§ **Dataset content**:
________

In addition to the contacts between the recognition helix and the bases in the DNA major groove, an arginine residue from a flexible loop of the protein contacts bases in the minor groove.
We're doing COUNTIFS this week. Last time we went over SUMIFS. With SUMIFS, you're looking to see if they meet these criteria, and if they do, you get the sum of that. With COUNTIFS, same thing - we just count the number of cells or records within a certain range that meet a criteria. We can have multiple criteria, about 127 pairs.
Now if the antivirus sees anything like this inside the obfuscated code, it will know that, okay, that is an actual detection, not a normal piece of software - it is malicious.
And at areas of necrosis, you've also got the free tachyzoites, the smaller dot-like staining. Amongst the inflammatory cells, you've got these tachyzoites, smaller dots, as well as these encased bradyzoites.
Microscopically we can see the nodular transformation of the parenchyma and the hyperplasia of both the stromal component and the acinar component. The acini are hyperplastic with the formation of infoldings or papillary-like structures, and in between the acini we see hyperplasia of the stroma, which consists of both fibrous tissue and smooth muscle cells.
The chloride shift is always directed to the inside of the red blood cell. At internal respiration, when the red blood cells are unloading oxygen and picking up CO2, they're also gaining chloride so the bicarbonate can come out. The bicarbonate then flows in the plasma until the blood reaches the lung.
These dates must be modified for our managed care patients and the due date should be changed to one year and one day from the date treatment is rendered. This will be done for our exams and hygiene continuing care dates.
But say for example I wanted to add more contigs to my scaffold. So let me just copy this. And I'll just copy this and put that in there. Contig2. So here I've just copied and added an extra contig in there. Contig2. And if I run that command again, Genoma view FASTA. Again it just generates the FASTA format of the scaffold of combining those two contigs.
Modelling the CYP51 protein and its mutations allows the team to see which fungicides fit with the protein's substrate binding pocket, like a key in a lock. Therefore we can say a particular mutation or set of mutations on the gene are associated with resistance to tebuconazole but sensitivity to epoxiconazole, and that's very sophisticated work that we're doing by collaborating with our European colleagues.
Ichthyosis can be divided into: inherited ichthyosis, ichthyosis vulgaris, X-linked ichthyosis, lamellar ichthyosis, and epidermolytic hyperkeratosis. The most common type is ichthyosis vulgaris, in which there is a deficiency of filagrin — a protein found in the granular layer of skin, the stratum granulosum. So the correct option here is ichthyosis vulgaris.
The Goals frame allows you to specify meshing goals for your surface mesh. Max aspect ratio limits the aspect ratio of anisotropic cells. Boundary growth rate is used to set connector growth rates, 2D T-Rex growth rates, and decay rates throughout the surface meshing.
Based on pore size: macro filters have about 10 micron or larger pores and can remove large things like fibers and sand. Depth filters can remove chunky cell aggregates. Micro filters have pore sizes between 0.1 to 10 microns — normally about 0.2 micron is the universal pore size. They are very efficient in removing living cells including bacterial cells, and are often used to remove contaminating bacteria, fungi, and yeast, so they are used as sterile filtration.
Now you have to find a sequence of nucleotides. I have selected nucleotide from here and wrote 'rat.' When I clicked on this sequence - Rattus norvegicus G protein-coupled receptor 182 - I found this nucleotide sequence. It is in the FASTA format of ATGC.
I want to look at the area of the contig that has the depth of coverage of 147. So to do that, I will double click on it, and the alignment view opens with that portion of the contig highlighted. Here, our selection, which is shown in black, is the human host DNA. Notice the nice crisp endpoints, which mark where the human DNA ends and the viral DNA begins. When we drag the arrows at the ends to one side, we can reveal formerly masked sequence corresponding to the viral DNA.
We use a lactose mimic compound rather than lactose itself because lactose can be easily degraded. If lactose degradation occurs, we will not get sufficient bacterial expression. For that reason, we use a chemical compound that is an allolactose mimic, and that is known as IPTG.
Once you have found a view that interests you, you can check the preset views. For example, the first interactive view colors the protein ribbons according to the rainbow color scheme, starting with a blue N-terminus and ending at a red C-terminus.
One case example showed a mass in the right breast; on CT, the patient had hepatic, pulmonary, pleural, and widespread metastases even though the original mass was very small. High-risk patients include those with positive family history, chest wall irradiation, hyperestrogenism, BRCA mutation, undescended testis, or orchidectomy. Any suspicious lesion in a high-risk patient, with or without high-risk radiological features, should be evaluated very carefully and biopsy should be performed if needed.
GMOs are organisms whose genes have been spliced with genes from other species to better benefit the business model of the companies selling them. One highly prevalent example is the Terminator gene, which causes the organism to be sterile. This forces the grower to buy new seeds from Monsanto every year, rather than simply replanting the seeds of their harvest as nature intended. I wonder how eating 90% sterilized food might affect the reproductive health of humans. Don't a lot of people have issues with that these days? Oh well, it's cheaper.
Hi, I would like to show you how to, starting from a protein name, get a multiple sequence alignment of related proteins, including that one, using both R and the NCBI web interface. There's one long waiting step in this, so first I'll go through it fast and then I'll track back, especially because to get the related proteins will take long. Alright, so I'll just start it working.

________

§ **Your goal**: The answer must reproduce all of the entries exactly.

§ **Written solution**:
In addition to the contacts between the recognition helix and the bases in the DNA major groove, an arginine residue from a flexible loop of the protein contacts bases in the minor groove.
We're doing COUNTIFS this week. Last time we went over SUMIFS. With SUMIFS, you're looking to see if they meet these criteria, and if they do, you get the sum of that. With COUNTIFS, same thing - we just count the number of cells or records within a certain range that meet a criteria. We can have multiple criteria, about 127 pairs.
Now if the antivirus sees anything like this inside the obfuscated code, it will know that, okay, that is an actual detection, not a normal piece of software - it is malicious.
And at areas of necrosis, you've also got the free tachyzoites, the smaller dot-like staining. Amongst the inflammatory cells, you've got these tachyzoites, smaller dots, as well as these encased bradyzoites.
Microscopically we can see the nodular transformation of the parenchyma and the hyperplasia of both the stromal component and the acinar component. The acini are hyperplastic with the formation of infoldings or papillary-like structures, and in between the acini we see hyperplasia of the stroma, which consists of both fibrous tissue and smooth muscle cells.
The chloride shift is always directed to the inside of the red blood cell. At internal respiration, when the red blood cells are unloading oxygen and picking up CO2, they're also gaining chloride so the bicarbonate can come out. The bicarbonate then flows in the plasma until the blood reaches the lung.
These dates must be modified for our managed care patients and the due date should be changed to one year and one day from the date treatment is rendered. This will be done for our exams and hygiene continuing care dates.
But say for example I wanted to add more contigs to my scaffold. So let me just copy this. And I'll just copy this and put that in there. Contig2. So here I've just copied and added an extra contig in there. Contig2. And if I run that command again, Genoma view FASTA. Again it just generates the FASTA format of the scaffold of combining those two contigs.
Modelling the CYP51 protein and its mutations allows the team to see which fungicides fit with the protein's substrate binding pocket, like a key in a lock. Therefore we can say a particular mutation or set of mutations on the gene are associated with resistance to tebuconazole but sensitivity to epoxiconazole, and that's very sophisticated work that we're doing by collaborating with our European colleagues.
Ichthyosis can be divided into: inherited ichthyosis, ichthyosis vulgaris, X-linked ichthyosis, lamellar ichthyosis, and epidermolytic hyperkeratosis. The most common type is ichthyosis vulgaris, in which there is a deficiency of filagrin — a protein found in the granular layer of skin, the stratum granulosum. So the correct option here is ichthyosis vulgaris.
The Goals frame allows you to specify meshing goals for your surface mesh. Max aspect ratio limits the aspect ratio of anisotropic cells. Boundary growth rate is used to set connector growth rates, 2D T-Rex growth rates, and decay rates throughout the surface meshing.
Based on pore size: macro filters have about 10 micron or larger pores and can remove large things like fibers and sand. Depth filters can remove chunky cell aggregates. Micro filters have pore sizes between 0.1 to 10 microns — normally about 0.2 micron is the universal pore size. They are very efficient in removing living cells including bacterial cells, and are often used to remove contaminating bacteria, fungi, and yeast, so they are used as sterile filtration.
Now you have to find a sequence of nucleotides. I have selected nucleotide from here and wrote 'rat.' When I clicked on this sequence - Rattus norvegicus G protein-coupled receptor 182 - I found this nucleotide sequence. It is in the FASTA format of ATGC.
I want to look at the area of the contig that has the depth of coverage of 147. So to do that, I will double click on it, and the alignment view opens with that portion of the contig highlighted. Here, our selection, which is shown in black, is the human host DNA. Notice the nice crisp endpoints, which mark where the human DNA ends and the viral DNA begins. When we drag the arrows at the ends to one side, we can reveal formerly masked sequence corresponding to the viral DNA.
We use a lactose mimic compound rather than lactose itself because lactose can be easily degraded. If lactose degradation occurs, we will not get sufficient bacterial expression. For that reason, we use a chemical compound that is an allolactose mimic, and that is known as IPTG.
Once you have found a view that interests you, you can check the preset views. For example, the first interactive view colors the protein ribbons according to the rainbow color scheme, starting with a blue N-terminus and ending at a red C-terminus.
One case example showed a mass in the right breast; on CT, the patient had hepatic, pulmonary, pleural, and widespread metastases even though the original mass was very small. High-risk patients include those with positive family history, chest wall irradiation, hyperestrogenism, BRCA mutation, undescended testis, or orchidectomy. Any suspicious lesion in a high-risk patient, with or without high-risk radiological features, should be evaluated very carefully and biopsy should be performed if needed.
GMOs are organisms whose genes have been spliced with genes from other species to better benefit the business model of the companies selling them. One highly prevalent example is the Terminator gene, which causes the organism to be sterile. This forces the grower to buy new seeds from Monsanto every year, rather than simply replanting the seeds of their harvest as nature intended. I wonder how eating 90% sterilized food might affect the reproductive health of humans. Don't a lot of people have issues with that these days? Oh well, it's cheaper.
Hi, I would like to show you how to, starting from a protein name, get a multiple sequence alignment of related proteins, including that one, using both R and the NCBI web interface. There's one long waiting step in this, so first I'll go through it fast and then I'll track back, especially because to get the related proteins will take long. Alright, so I'll just start it working.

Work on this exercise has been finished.